Regulation of sonographers
At present ultrasound is not a statutorily regulated profession, which means that anyone who is not already registered as eg a radiographer, midwife, physiotherapist, would not be eligible for registration with the Health and Care Professions Council (HCPC) or the Nursing and Midwifery Council (NMC).

Many employers do accept sonographers without statutory registration, however others recruit only statutorily regulated health care professionals (HCPs). This needs to be considered when applying for a place on a course and should be discussed with the programme team at interview.

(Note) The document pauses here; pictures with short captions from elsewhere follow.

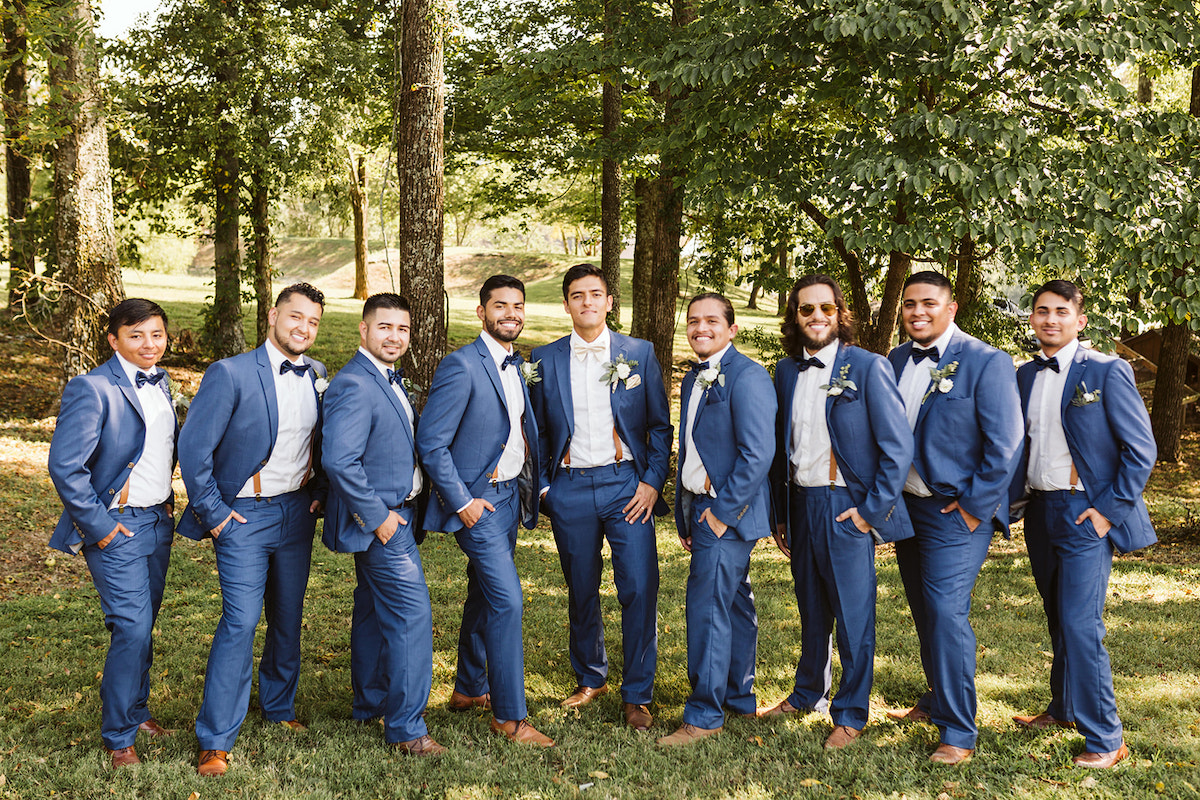 groomsmen and groom stand in a line in the shade of large trees with their hands in their pockets
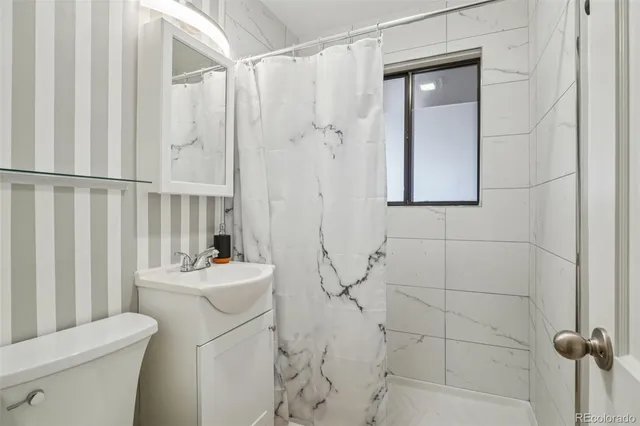 a bathroom with a sink a toilet and shower curtain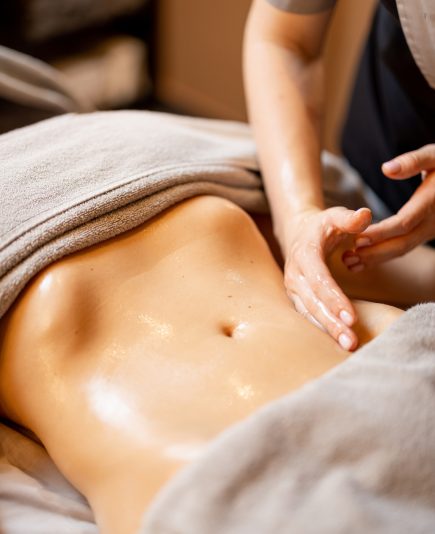 Masseuse performs professional abdominal massage for female client lying on a couch, close-up on hands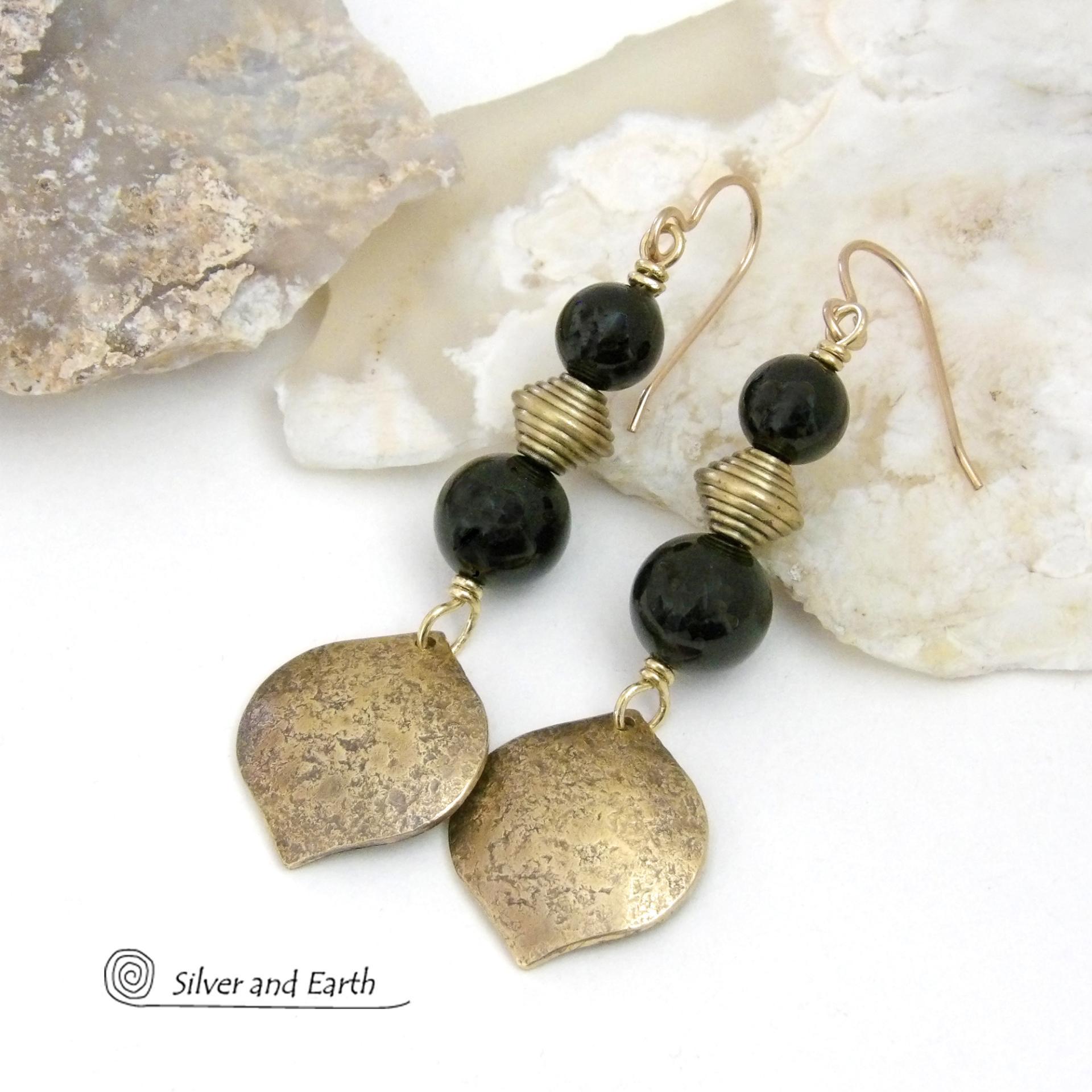 These handcrafted earrings feature gold brass dangles with a hammered raw silk texture accented with black onyx gemstones and brass beads. They have a modern boho chic style with a touch of Egyptian inspired flair that coordinates beautifully with all wardrobe types. Perfect for women that love artisan handcrafted jewelry that makes a bold statement. Handmade in the USA by Silver and Earth Jewelry.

The Society and College of Radiographers (SCoR) administers the Public Voluntary Register of Sonographers (PVRS), which anyone with a recognised ultrasound qualification can apply to join. However, there are some aspects of practice that you would not be able to undertake without statutory registration such as referring a patient for an imaging investigation using ionising radiation, or using Patient Group Directions in the administration of drugs.

For further information see the SCoR’s advice document.

Want to find out more?
The Consortium for the Accreditation of Sonographic Education (CASE) currently accredits UK ultrasound programmes. CASE is made up of six member organisations, who oversee the quality of accredited programmes and monitor standards. CASE has a directory of accredited programmes, which have met CASE standards.

CASE also accredits focussed courses; these enable health care professionals to extend their primary professional role, eg midwives undertaking third trimester growth scans. The courses do not lead to eligibility to be classed as a sonographer for entry to the PVRS, which requires a minimum of 60 M level credits in clinical ultrasound practice.